There had been hopes that a shorter list of options chosen from the eight that were put to MPs last week would help identify a route forward that MPs could rally around.
Concerns that the United Kingdom could crash out of the European Union without a deal have risen after the House of Commons once again rejected all options put before it in a second round of indicative votes.
While the option of customs union membership was defeated by just 3 votes, the huge divisions within and across parties led the EU Parliament’s Chief Negotiator on Brexit Guy Verhofstadt to conclude that a hard Brexit seemed almost inevitable, warning that the UK had one more chance to break the deadlock of “face the abyss.” This comes just 11 days before the UK is set to crash out of the EU without a deal if no road forward is agreed.
There had been hopes that a shorter list of options chosen from the eight that were put to MPs last week would help identify a route forward that MPs could rally around.
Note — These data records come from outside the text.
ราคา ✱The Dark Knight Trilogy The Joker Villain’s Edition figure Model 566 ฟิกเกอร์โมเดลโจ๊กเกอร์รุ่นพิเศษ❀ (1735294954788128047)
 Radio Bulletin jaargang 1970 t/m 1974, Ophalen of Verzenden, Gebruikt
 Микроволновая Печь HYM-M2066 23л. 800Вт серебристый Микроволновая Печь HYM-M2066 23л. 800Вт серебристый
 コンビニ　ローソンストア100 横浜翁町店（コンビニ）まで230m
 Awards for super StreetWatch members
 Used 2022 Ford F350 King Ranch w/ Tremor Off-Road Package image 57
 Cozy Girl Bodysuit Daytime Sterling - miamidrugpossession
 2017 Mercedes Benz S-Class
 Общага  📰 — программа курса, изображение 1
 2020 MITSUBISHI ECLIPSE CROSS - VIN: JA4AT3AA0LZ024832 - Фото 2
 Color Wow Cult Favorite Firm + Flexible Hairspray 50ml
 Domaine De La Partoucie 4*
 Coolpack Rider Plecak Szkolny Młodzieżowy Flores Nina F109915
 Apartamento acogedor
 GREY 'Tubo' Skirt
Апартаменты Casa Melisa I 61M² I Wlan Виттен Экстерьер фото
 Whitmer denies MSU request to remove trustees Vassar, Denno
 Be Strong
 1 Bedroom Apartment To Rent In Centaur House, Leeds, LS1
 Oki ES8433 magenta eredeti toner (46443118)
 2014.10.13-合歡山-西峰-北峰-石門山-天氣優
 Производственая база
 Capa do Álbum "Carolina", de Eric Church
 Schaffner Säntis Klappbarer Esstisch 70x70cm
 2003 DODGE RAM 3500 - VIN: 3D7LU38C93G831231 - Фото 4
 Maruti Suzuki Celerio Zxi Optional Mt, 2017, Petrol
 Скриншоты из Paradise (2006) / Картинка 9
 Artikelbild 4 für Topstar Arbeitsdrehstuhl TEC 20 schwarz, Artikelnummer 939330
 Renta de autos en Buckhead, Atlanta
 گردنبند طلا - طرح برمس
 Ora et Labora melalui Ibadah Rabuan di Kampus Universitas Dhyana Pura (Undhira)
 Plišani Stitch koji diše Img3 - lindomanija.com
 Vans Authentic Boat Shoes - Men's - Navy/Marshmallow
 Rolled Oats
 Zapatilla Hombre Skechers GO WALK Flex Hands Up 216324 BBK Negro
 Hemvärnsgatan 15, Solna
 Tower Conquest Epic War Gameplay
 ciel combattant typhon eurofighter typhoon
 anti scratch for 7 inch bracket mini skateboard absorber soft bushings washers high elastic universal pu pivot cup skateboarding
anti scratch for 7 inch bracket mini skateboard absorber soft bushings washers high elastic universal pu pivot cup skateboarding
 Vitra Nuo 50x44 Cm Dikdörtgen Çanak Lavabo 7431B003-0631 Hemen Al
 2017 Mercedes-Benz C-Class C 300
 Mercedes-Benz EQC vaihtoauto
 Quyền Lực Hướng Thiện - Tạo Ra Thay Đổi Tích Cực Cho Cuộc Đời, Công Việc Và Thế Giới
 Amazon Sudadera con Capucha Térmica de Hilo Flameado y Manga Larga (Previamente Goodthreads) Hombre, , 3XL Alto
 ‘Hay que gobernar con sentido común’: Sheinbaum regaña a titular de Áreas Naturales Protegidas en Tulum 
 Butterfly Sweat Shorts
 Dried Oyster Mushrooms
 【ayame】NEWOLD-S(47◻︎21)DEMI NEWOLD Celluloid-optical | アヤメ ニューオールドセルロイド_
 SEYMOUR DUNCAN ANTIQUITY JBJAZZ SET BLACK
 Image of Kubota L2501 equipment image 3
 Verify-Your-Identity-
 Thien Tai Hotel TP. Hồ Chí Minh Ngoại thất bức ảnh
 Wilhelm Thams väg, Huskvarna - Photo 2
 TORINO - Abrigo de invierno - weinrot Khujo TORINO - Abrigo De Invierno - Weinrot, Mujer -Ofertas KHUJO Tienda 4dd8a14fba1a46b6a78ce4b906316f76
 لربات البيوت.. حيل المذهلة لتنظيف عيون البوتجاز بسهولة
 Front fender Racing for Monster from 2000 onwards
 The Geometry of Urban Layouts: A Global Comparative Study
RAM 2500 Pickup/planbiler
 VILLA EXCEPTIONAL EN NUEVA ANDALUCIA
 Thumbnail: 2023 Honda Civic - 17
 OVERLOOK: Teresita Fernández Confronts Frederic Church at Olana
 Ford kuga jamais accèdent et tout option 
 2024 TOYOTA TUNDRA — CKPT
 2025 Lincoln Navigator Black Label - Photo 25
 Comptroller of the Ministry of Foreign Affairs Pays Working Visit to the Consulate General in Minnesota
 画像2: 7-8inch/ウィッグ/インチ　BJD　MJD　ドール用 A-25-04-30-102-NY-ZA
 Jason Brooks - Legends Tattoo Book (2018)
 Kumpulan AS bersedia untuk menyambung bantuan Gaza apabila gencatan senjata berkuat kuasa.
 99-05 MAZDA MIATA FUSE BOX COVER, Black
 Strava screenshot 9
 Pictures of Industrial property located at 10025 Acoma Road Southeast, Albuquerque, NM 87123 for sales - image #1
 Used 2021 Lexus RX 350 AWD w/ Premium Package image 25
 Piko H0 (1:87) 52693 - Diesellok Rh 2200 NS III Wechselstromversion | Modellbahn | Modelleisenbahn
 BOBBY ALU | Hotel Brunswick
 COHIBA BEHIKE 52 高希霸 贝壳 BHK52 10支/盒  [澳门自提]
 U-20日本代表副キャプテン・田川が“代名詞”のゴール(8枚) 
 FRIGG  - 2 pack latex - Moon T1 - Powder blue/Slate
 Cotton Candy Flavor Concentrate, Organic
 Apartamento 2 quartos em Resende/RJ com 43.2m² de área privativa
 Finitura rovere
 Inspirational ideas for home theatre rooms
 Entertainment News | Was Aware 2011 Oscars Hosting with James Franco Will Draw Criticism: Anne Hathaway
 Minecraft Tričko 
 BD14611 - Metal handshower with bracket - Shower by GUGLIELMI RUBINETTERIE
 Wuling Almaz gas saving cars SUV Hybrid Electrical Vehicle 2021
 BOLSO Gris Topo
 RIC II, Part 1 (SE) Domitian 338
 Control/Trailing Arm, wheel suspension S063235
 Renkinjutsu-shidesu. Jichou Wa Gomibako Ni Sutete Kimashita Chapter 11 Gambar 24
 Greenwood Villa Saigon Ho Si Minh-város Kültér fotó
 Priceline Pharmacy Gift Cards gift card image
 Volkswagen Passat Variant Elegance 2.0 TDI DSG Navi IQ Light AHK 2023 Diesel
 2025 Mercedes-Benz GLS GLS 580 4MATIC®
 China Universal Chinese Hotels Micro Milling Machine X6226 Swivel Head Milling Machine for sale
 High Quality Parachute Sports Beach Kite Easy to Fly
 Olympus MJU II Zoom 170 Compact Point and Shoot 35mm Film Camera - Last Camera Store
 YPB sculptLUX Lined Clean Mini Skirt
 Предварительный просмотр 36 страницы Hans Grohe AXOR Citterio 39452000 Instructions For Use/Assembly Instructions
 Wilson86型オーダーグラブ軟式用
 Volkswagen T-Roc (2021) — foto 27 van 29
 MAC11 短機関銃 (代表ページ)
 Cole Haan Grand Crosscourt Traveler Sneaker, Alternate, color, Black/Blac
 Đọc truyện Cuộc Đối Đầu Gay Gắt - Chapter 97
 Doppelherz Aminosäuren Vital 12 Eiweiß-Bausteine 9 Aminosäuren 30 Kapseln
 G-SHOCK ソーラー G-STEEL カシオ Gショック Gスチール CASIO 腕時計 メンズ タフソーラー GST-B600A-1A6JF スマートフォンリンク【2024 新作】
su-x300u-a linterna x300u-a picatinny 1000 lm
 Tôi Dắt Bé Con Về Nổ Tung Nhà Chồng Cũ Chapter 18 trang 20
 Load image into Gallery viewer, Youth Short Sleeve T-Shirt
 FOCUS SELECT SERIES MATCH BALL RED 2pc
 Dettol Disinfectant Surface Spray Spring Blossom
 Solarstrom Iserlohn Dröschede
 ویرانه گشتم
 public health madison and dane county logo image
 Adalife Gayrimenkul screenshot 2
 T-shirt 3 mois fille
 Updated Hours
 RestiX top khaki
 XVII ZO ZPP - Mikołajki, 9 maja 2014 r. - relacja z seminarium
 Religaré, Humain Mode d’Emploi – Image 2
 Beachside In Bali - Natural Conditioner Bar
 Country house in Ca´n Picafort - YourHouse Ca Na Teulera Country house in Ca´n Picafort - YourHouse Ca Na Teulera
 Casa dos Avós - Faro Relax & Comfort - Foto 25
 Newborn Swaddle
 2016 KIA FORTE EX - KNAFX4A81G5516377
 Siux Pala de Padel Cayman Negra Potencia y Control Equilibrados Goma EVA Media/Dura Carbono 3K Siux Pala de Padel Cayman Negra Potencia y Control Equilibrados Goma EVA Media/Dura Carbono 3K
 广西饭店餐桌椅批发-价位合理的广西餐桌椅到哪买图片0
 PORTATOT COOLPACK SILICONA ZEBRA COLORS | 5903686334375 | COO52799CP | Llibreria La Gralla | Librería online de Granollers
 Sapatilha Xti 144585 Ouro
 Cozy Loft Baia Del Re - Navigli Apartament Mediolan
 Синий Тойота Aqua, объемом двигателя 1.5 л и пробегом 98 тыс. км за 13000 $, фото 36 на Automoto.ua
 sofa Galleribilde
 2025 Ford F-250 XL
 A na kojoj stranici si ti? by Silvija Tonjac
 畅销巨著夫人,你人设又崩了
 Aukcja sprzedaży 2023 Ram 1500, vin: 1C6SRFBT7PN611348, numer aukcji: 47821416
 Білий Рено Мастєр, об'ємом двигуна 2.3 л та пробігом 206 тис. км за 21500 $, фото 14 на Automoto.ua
Alongside the customs union option, MPs voted on one that is referred to as the so-called Common Market 2.0—similar to the arrangements in place for Norway and the EU—with the UK remaining in the European Free Trade Association and the European Economic Area. This lost by 261 to 282. They also voted on requiring any deal to be subject to a confirmatory public vote (280 to 292) and a final one that would seek to avoid a no-deal Brexit by first requiring the government to seek an extension and if one were not granted, then revoke Article 50 (191 to 292).
Following the votes, Nick Boles, the MP who put forward the Common Market 2.0 proposal resigned from the Conservative Party on the floor of the House of Commons, blaming the failure to find a route forward on his party’s failure to compromise.
The failure to find a route forward is likely to harden the government’s position that its deal is the only one possible. Significantly, while both the Common Market 2.0 and the Customs Union proposals were put forward by Conservative MPs, their backing in the indicative voting process came from Labour, with the vast majority of Conservatives voting against it. Therefore, were the government to push through with one of these it would mean relying on the votes of opposition MPs rather than their own ranks,which is thought to be highly unlikely.
“The default legal position is to leave the EU in 11 days time,” concluded Brexit Secretary Stephen Barclay, adding that the cabinet would meet on Tuesday to consider how to proceed.
Labour has called for all options to be considered by MPs in a debate on Wednesday.